How to complete this task: When you reproduce the data, keep every word exactly as it stands and leave the pictures out.

┄┄┄┄┄┄

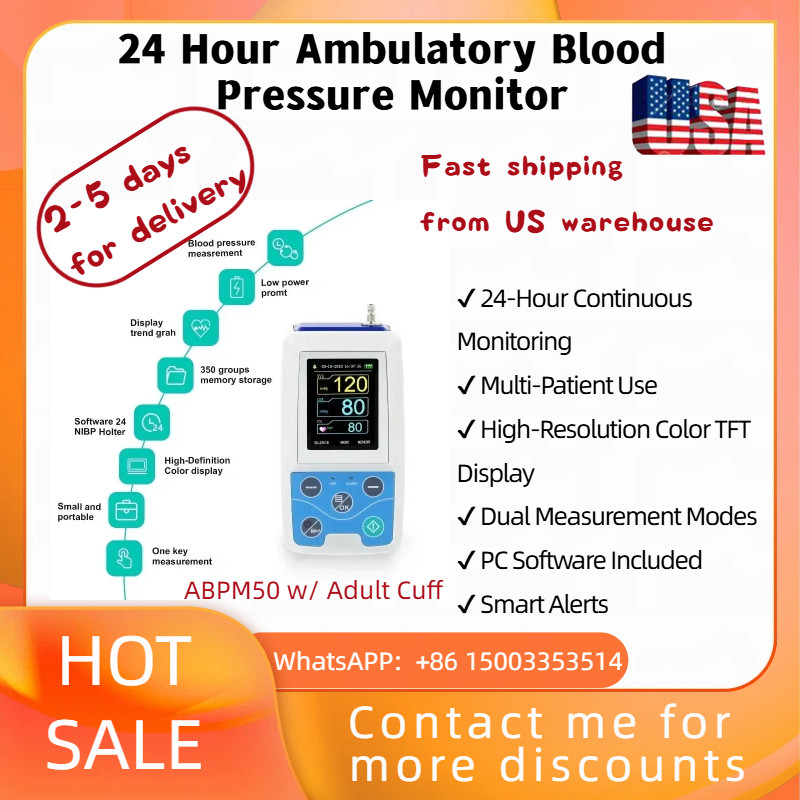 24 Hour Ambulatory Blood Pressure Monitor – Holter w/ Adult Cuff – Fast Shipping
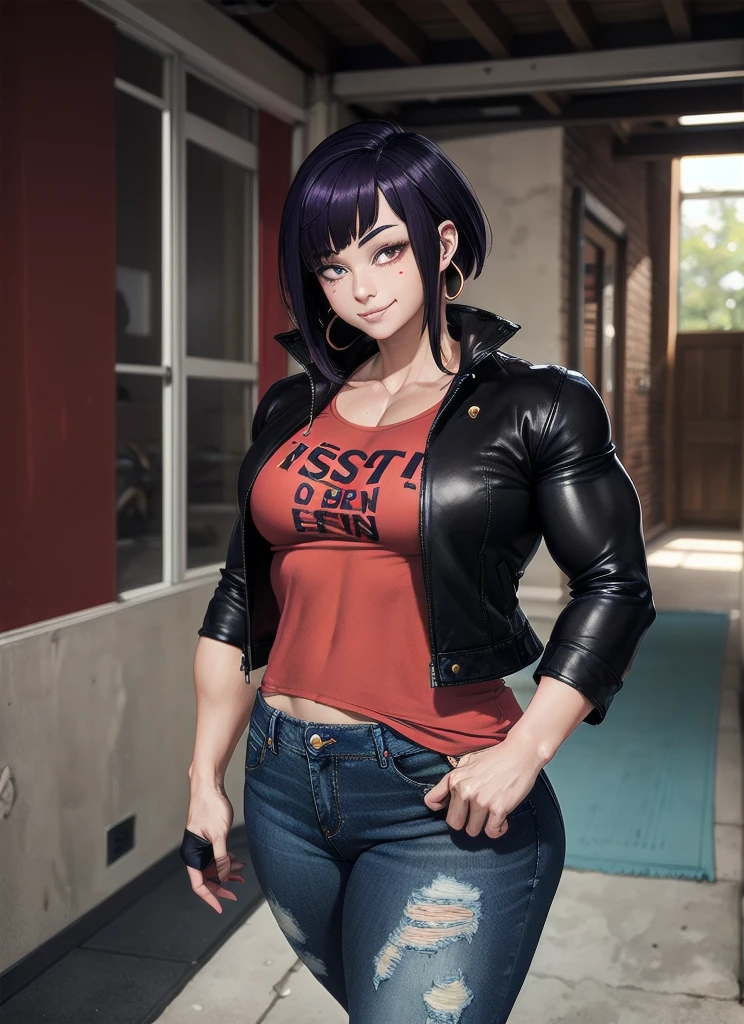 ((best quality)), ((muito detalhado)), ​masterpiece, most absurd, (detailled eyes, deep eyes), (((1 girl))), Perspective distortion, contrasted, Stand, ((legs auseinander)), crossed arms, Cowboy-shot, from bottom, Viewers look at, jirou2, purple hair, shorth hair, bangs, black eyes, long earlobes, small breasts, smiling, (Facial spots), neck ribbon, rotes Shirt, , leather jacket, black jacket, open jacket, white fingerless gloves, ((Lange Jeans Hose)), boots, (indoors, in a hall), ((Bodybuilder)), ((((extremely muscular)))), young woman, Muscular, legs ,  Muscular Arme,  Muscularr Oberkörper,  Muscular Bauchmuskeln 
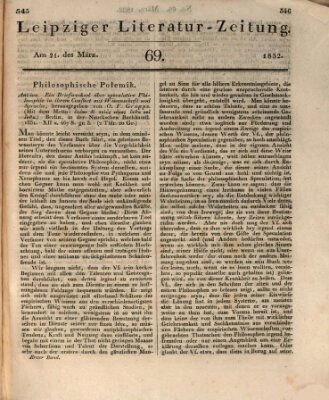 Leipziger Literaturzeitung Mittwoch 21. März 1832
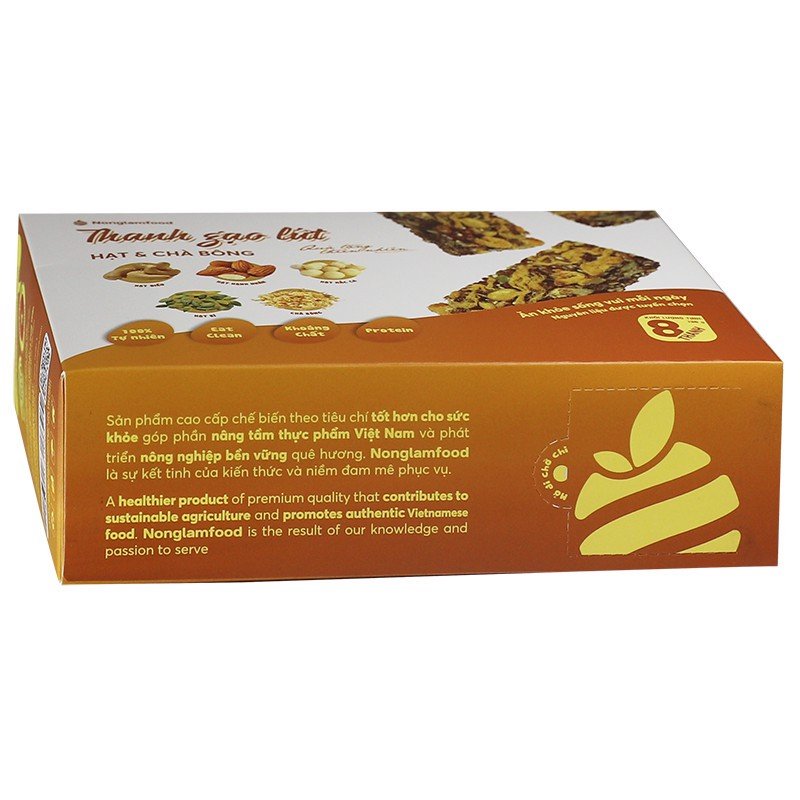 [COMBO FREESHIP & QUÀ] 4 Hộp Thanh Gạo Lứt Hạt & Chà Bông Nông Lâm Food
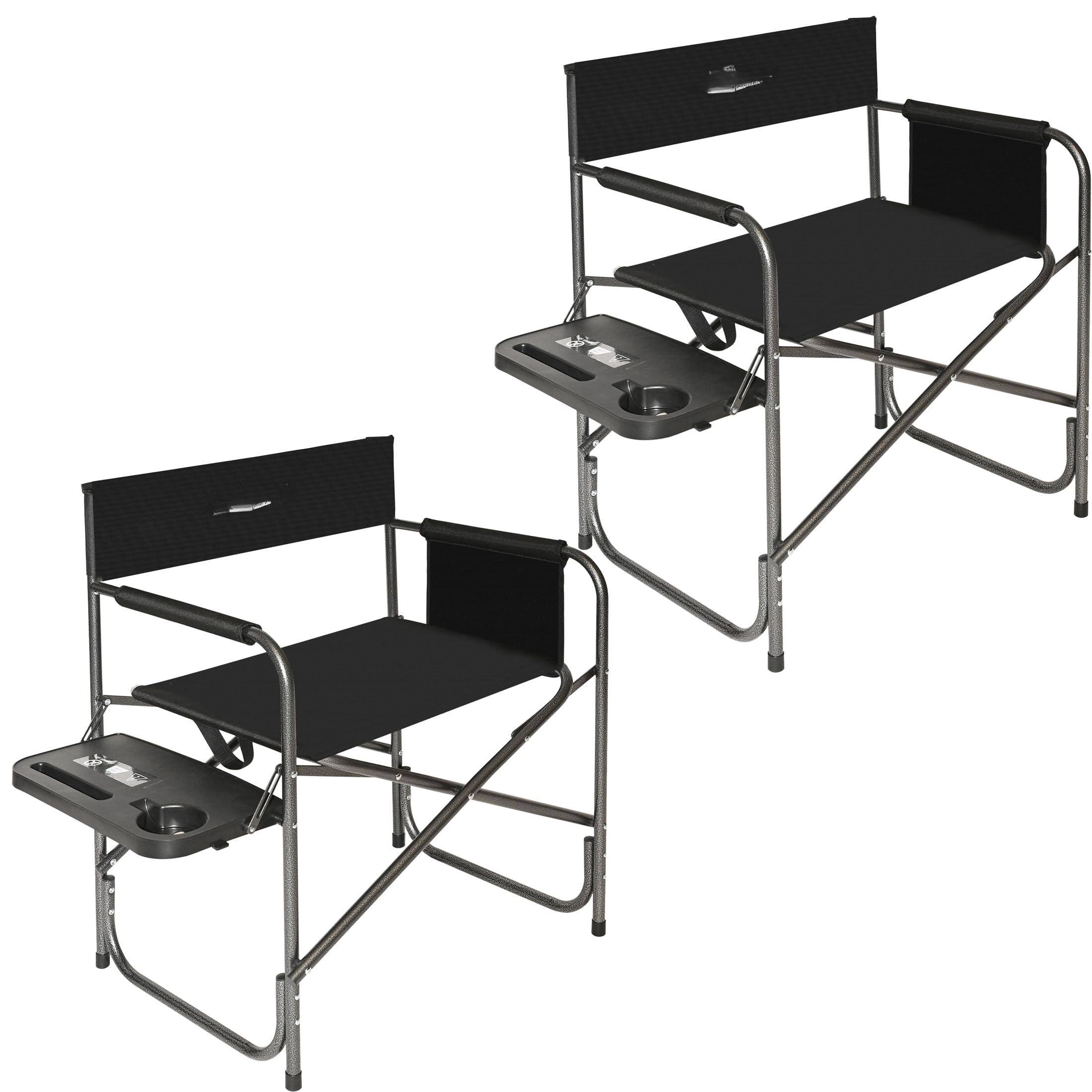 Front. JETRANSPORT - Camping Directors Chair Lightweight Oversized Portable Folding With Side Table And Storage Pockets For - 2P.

┄┄┄┄┄┄

Output for this exercise:
 24 Hour Ambulatory Blood Pressure Monitor – Holter w/ Adult Cuff – Fast Shipping
 ((best quality)), ((muito detalhado)), ​masterpiece, most absurd, (detailled eyes, deep eyes), (((1 girl))), Perspective distortion, contrasted, Stand, ((legs auseinander)), crossed arms, Cowboy-shot, from bottom, Viewers look at, jirou2, purple hair, shorth hair, bangs, black eyes, long earlobes, small breasts, smiling, (Facial spots), neck ribbon, rotes Shirt, , leather jacket, black jacket, open jacket, white fingerless gloves, ((Lange Jeans Hose)), boots, (indoors, in a hall), ((Bodybuilder)), ((((extremely muscular)))), young woman, Muscular, legs ,  Muscular Arme,  Muscularr Oberkörper,  Muscular Bauchmuskeln 
 Leipziger Literaturzeitung Mittwoch 21. März 1832
 [COMBO FREESHIP & QUÀ] 4 Hộp Thanh Gạo Lứt Hạt & Chà Bông Nông Lâm Food
 Front. JETRANSPORT - Camping Directors Chair Lightweight Oversized Portable Folding With Side Table And Storage Pockets For - 2P.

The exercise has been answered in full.